Crew captures errors from workers:

risky_function <- function(x) {
  if (x %% 3 == 0) stop("Divisible by 3!")
  return(x^2)
}

controller <- crew_controller_local(workers = 2)
controller$start()

for (i in 1:10) {
  controller$push(
    command = risky_function(value),
    data = list(value = i)
  )
}

controller$wait(mode = "all")
results <- controller$pop()

# Check for errors
errors <- results$error
successes <- results$result[!is.na(results$result)]

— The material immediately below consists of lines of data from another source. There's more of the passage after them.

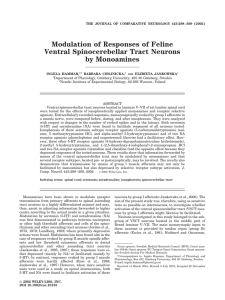 Modulation of Responses of Feline Ventral Spinocerebellar Tract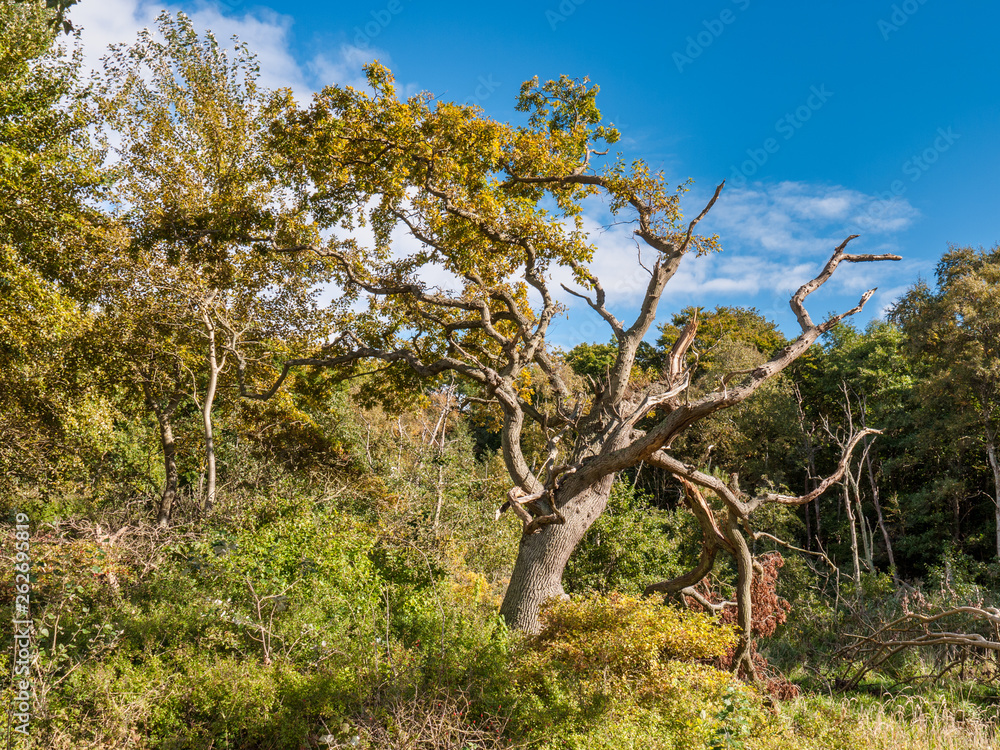 Old tree in the forest near the Baltic Sea on the island Langeland, Denmark Old tree in the forest near the Baltic Sea on the island Langeland, Denmark
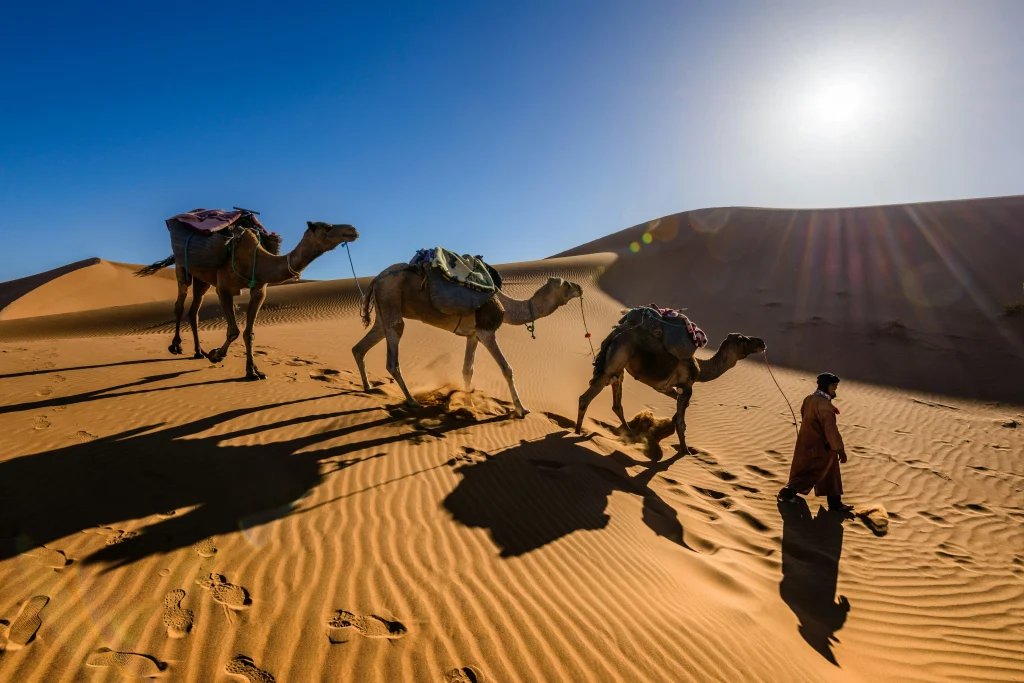 Camping dans le désert au Maroc.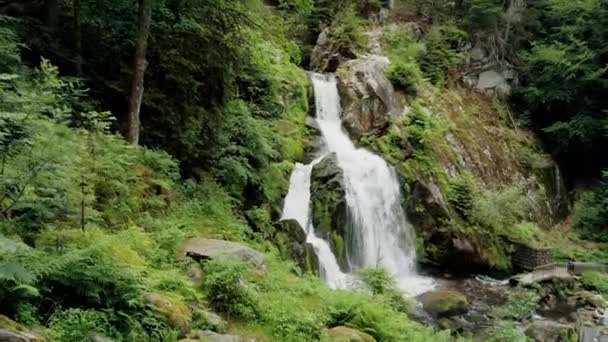 POV Walking towards beautiful waterfall in forest wilderness.Triberg Gutach river waterfall. Сила природы — стоковое видео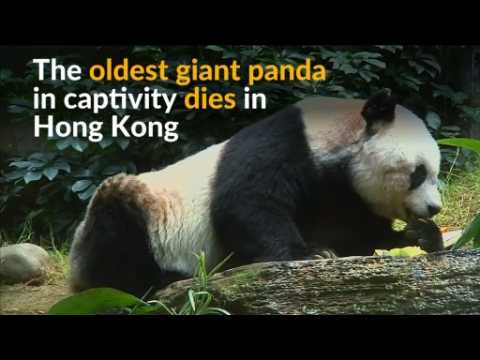 Oldest panda in captivity dies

message(sprintf("Successes: %d, Errors: %d",
                length(successes), sum(!is.na(errors))))

controller$terminate()

See Also


References

  • Repository: https://github.com/JohnGavin/randomwalk
  • Key files:
    • R/simulation.R - All simulation code (sync, async, chunked modes)
    • R/walker.R - Walker creation and movement
    • R/walker_dynamic.R - Dynamic broadcasting walker (deprecated)
    • R/broadcasting.R - Pub/sub socket functions (deprecated)
    • vignettes/articles/dashboard_comprehensive.qmd - Main Shinylive dashboard

Note: All simulation modes (run_simulation(), async variants, chunked mode) are in the single R/simulation.R file - there are no separate run_async.R or run_sync.R files.